TASK BRIEF
Only the lines from the beginning of the listing below through the line with "Букеты из ягод и конфет" belong in the answer; please print them exactly and drop the pictures.

RECORD EXCERPTS
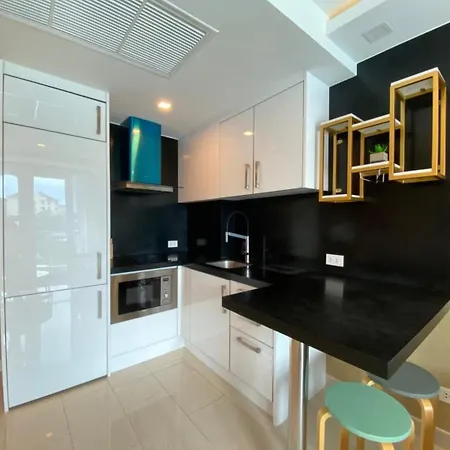 Apartment Grand Avenue X Monthstayz Thailand Pattaya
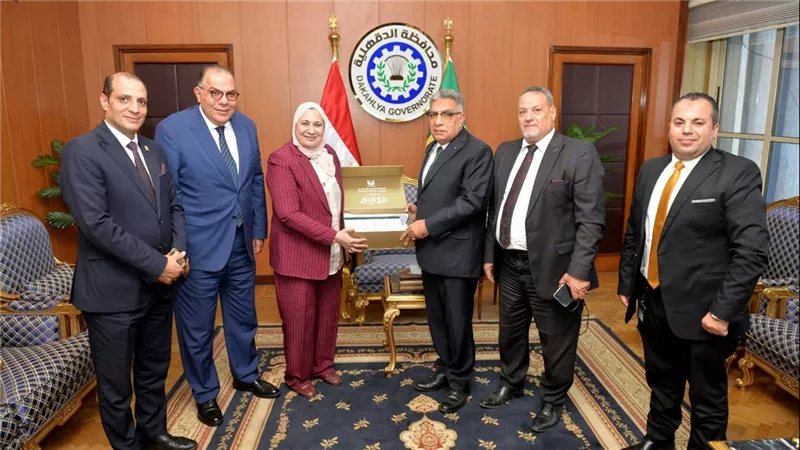 محافظ الدقهلية يستقبل وفد البنك الزراعي لتقديم مساعدات بـ900 ألف جنيه للأسر الأولى بالرعاية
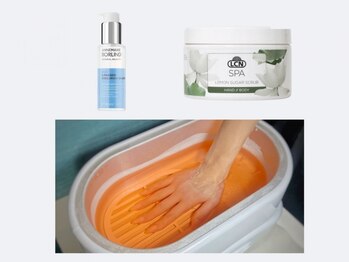 ネイルアンドアイラッシュ ルクソー シーホーク店(Nail&Eyelash LUXUEUX.)の写真/年齢サインが気になる手元に贅沢な潤いを◎美容液とパラフィンパックの集中ケアで、透明感ある指先へ♪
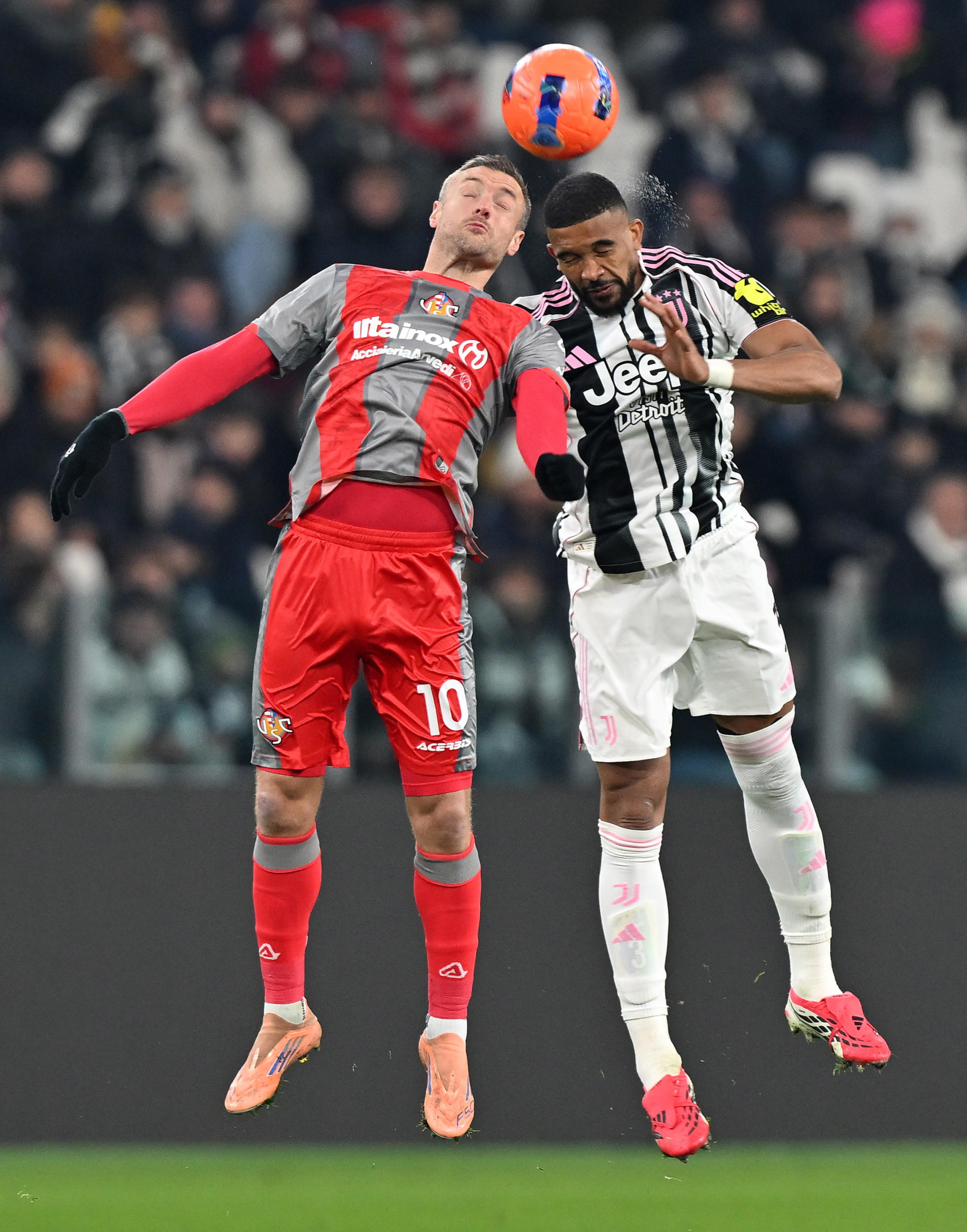 kaiyun-尤文图斯遗憾出局备战荷甲冲刺阶段华盛顿奇才调整名单以备欧超杯，网友：纽卡斯尔内部沟通备战欧篮联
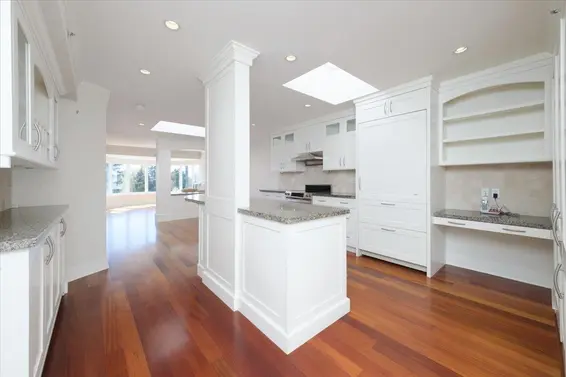 302 2455 Bellevue Avenue, West Vancouver For Sale - image 4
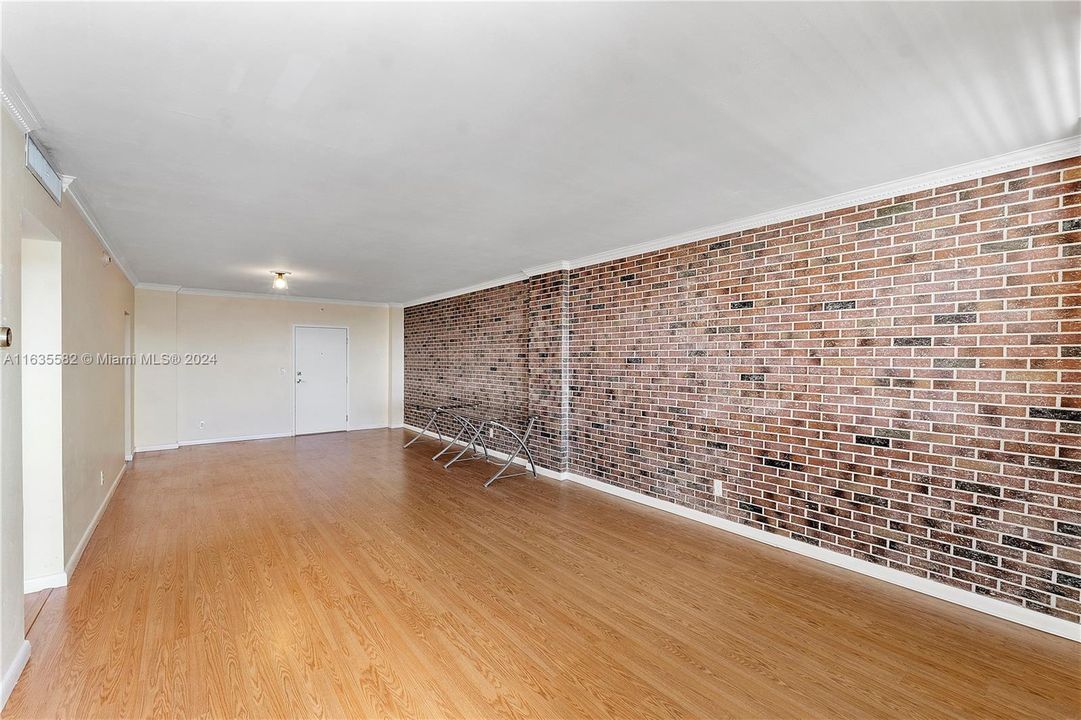 Chicago Brick Wall in living Room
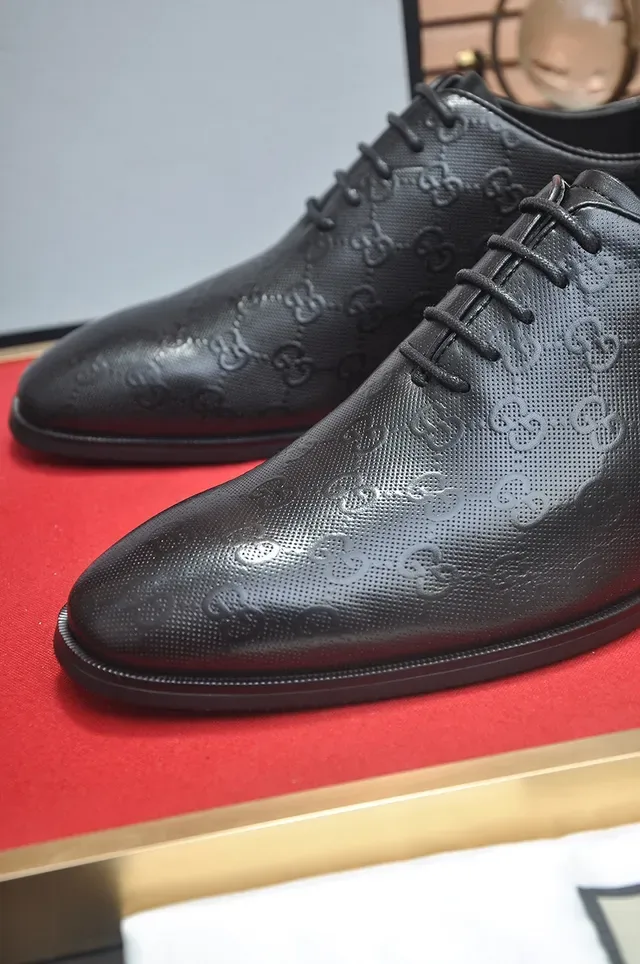 Gucci Sapatos Oxford de Couro Polido Preto Monogram-Embossed 2
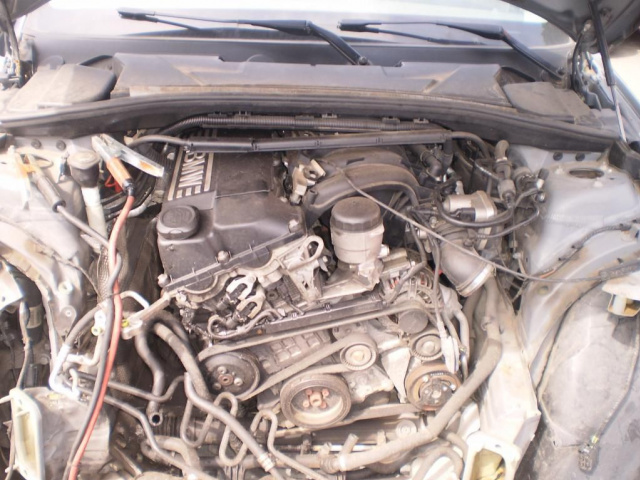 Двигатель BMW E87 1.6 N45B16A 93tys. голый без навесного оборудования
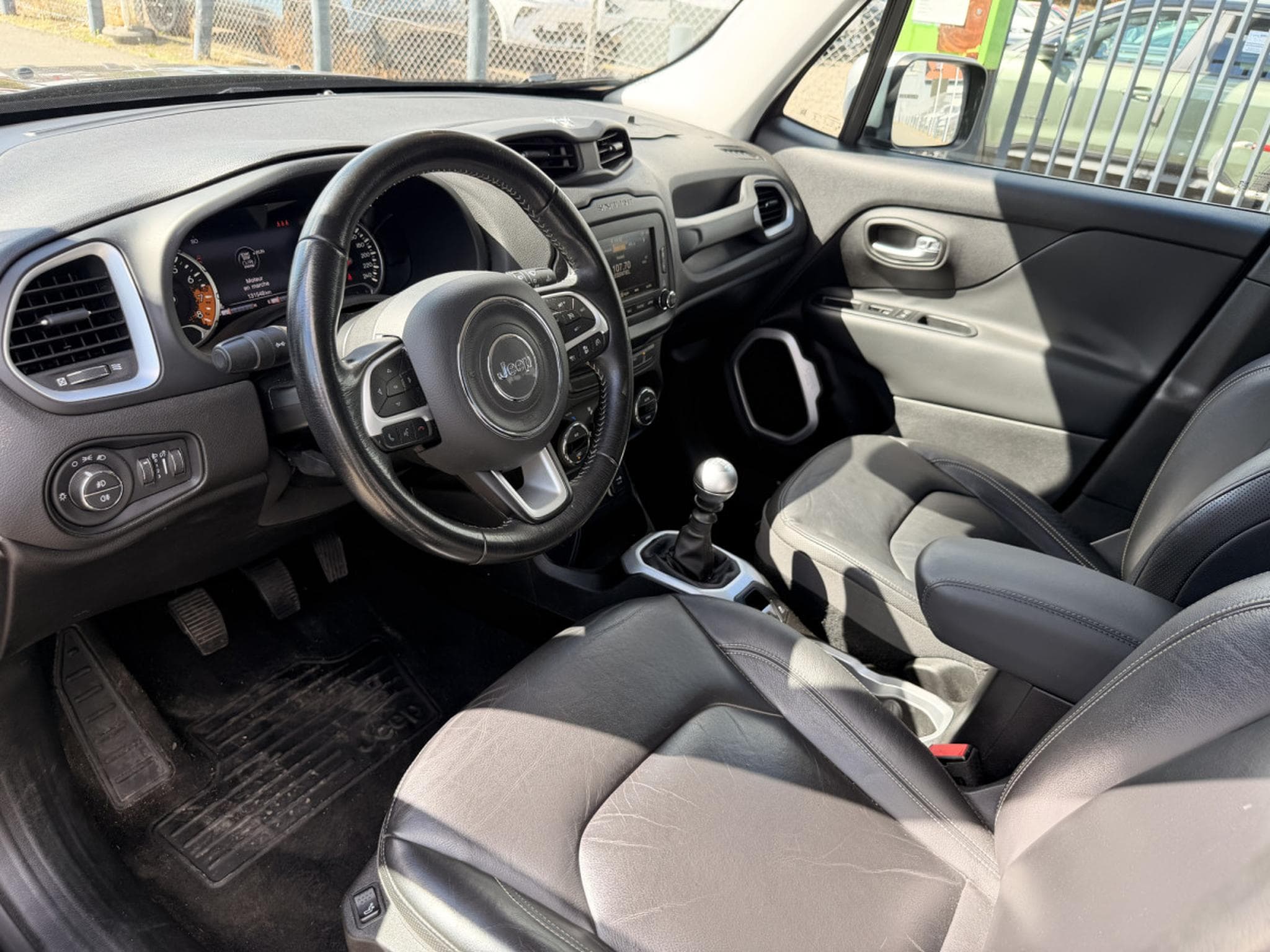 Jeep Renegade 1.4 136 LIMITED (2017) - Foto 12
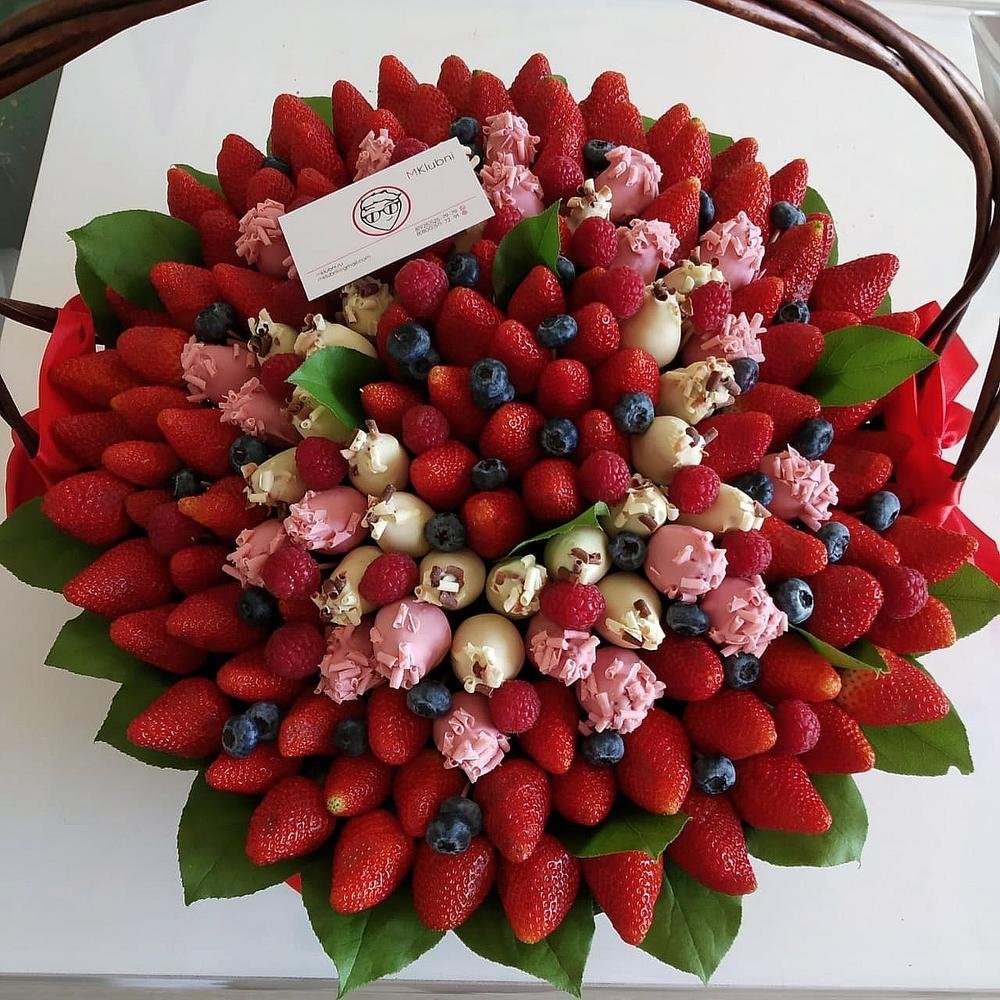 Букеты из ягод и конфет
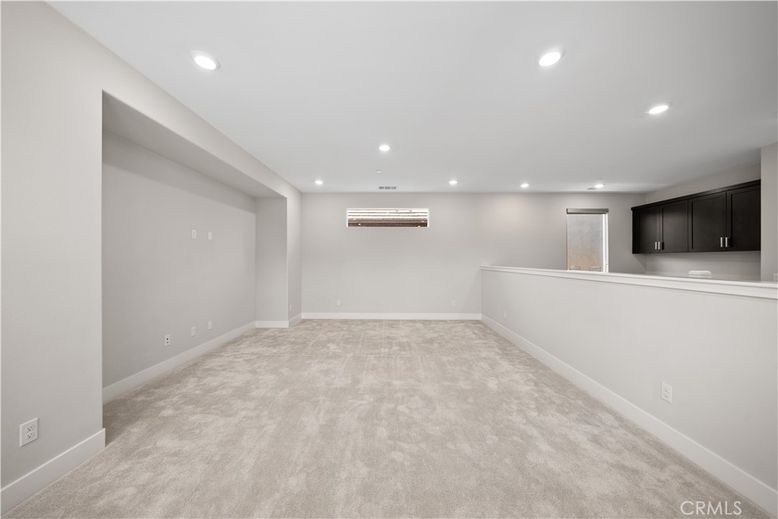 Empty room, Interior, Recessed Lighting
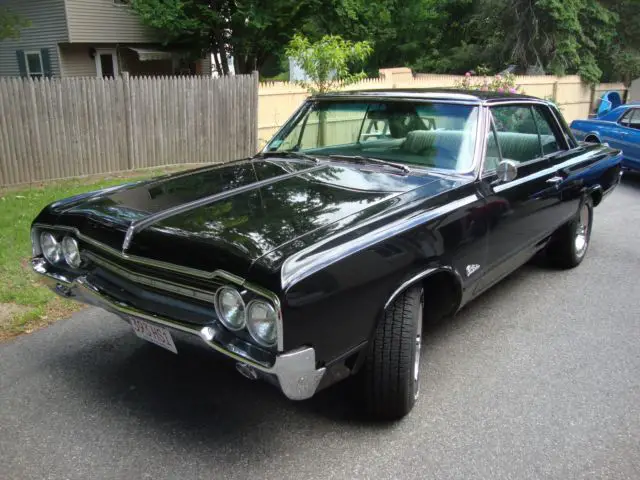 1965 Oldsmobile Cutlass Coupe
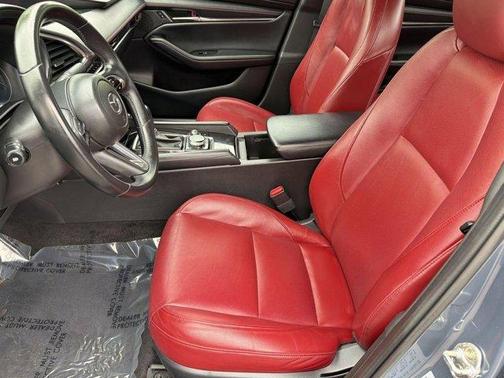 Polymetal Gray Metallic 2025 Mazda Mazda3 Carbon Edition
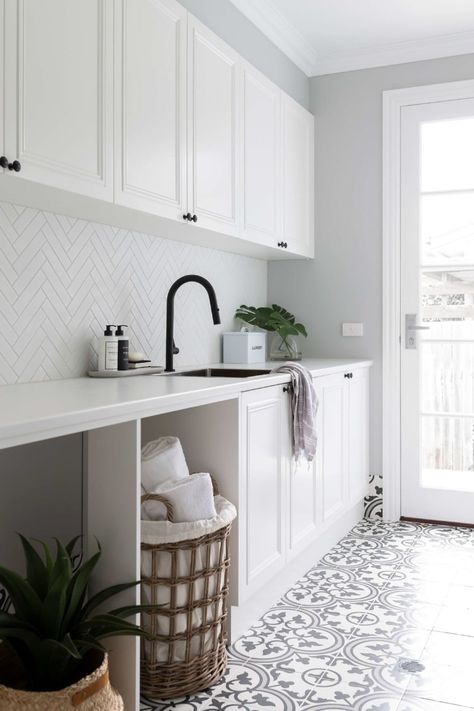 Elegant Laundry Room, Laundry Room Tile, Laundry Room Flooring, Dream Laundry Room, White Laundry, Mudroom Laundry Room, Laundry Room Layouts, Laundry Room Renovation, Laundry Design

SOLVED EXERCISE
 Apartment Grand Avenue X Monthstayz Thailand Pattaya
 محافظ الدقهلية يستقبل وفد البنك الزراعي لتقديم مساعدات بـ900 ألف جنيه للأسر الأولى بالرعاية
 ネイルアンドアイラッシュ ルクソー シーホーク店(Nail&Eyelash LUXUEUX.)の写真/年齢サインが気になる手元に贅沢な潤いを◎美容液とパラフィンパックの集中ケアで、透明感ある指先へ♪
 kaiyun-尤文图斯遗憾出局备战荷甲冲刺阶段华盛顿奇才调整名单以备欧超杯，网友：纽卡斯尔内部沟通备战欧篮联
 302 2455 Bellevue Avenue, West Vancouver For Sale - image 4
 Chicago Brick Wall in living Room
 Gucci Sapatos Oxford de Couro Polido Preto Monogram-Embossed 2
 Двигатель BMW E87 1.6 N45B16A 93tys. голый без навесного оборудования
 Jeep Renegade 1.4 136 LIMITED (2017) - Foto 12
 Букеты из ягод и конфет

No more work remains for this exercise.